Multiple cultures of the operative specimen were sent to specialty lab for Acid-Fast bacterial smear and culture, and ultimately Mycobacterium smegmatis group was identified from several tissue cultures sent. The specific species within the group was not identified. Antimicrobial susceptibility is listed in Table 1. Antimicrobials were adjusted to include oral doxycycline and levofloxacin targeting a 6–12 months course of preoperative antimicrobial therapy (Two step arthroplasty revision). Patient completed a 10 months antimicrobial course, noting that antimicrobial therapy was complicated by a transient doxycycline photosensitivity reaction.
Table 1.
Antimicrobial susceptibility of Mycobacterium Smegmatis.a
| Antimicrobial agents | MIC (ug/mL) | Resistance |
|---|---|---|
| Amikacin | ≤1 | Susceptible |
| Cefoxitin | 128 | Resistant |
| Doxycycline | ≤0.12 | Susceptible |
| Minocycline | ≤1 | Susceptible |
| Trimethoprim/Sulfamethoxazole | ≤0.25/4.8 | Susceptible |
| Imipenem | 4 | Susceptible |
| Ciprofloxacin | 0.25 | Susceptible |
| Clarithromycin | 16 | Resistant |
| Linezolid | ≤1 | Susceptible |
| Moxifloxacin | ≤0.25 | Susceptible |
ARUP National Reference Laboratories. 500 Chipeta Way, Salt Lake City, Utah 84108.
Several weeks’ preoperative, repeat joint fluid analysis was negative for microbial growth, including AFB. A successful revision knee arthroplasty was completed; and operative cultures and joint fluid analysis, remained negative for ongoing infection. She was maintained on the same antimicrobial combination of oral doxycycline and levofloxacin for 30 days post-operative. Patient tolerated the therapy well; with a 10-month post-operative follow-up, there has been no infection relapse.
Discussion
There are three groups of rapidly growing mycobacteria that are known to cause human infection: M. fortuitum, M. chelonae/abscessus, and the M. smegmatis group [7]. The M. fortuitum group accounts for most cases of postsurgical wound and catheter infection caused by RGM [7]. M. chelonae/abscessus is responsible for most cases of disseminated cutaneous infections caused by RGM in the community. In health care settings, it has been reported as a cause of postsurgical wound infection in a variety of procedures especially plastic surgery.

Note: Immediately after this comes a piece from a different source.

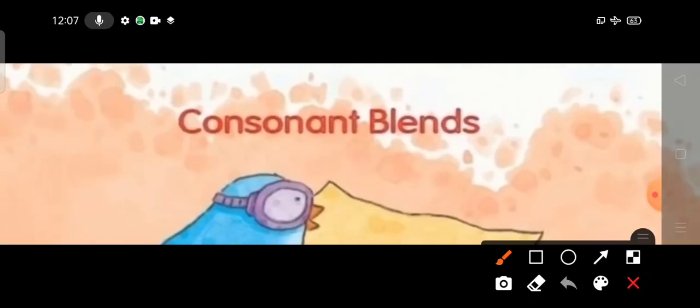Hello Coinkins! Welcome to your English class. Today our topic is Consonant Blends.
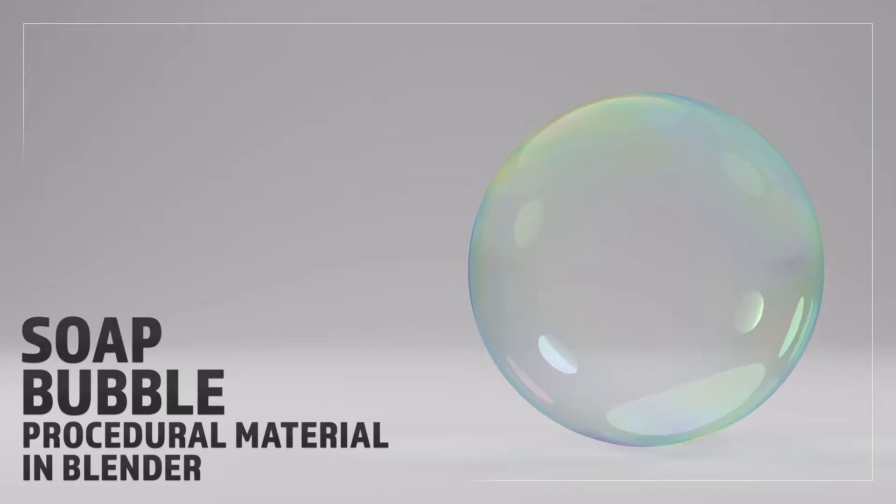Hello and welcome to Blender Bitesize. In this video I'll be showing you how to make this soap bubble material procedurally in Blender.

There are currently three species under the M. smegmatis group: M. smegmatis sensu stricto. wolinskyi and M. goodi [7]. Pneumonia as a rare cause of M. smegmatis has been reported [8]. In the health care setting, M. smegmatis has been reported in cases of catheter-related infection, sternal wound infection with osteomyelitis post cardiac surgery, and plastic surgery infection [7]. To our knowledge, there have been three cases of prosthetic knee joint infection caused by the M. smegmatis group. One case caused by M. goodi was successfully treated with resection arthroplasty and a combination of minocycline and ciprofloxacin for 6 months [9]. In 2008 another case reported, M. goodi was the culprit organism as well. This patient did not undergo resection arthroplasty and was treated with moxifloxacin and doxycycline for 9 months followed by doxycycline which was recommended for the life of the prosthesis [10]. Eid et al. reported eighteen cases of prosthetic joint infection caused by the rapidly growing mycobacterium. M. Smegmatis was responsible for only one of the cases which was successfully treated with resection arthroplasty and the following antimicrobials combination: Doxycycline plus amikacin for two weeks, then ciprofloxacin plus Sulfamethoxazole/Trimethoprim for 16 weeks, meropenum plus ciprofloxacin for 4 weeks, and ciprofloxacin for six weeks after reimplantation [6].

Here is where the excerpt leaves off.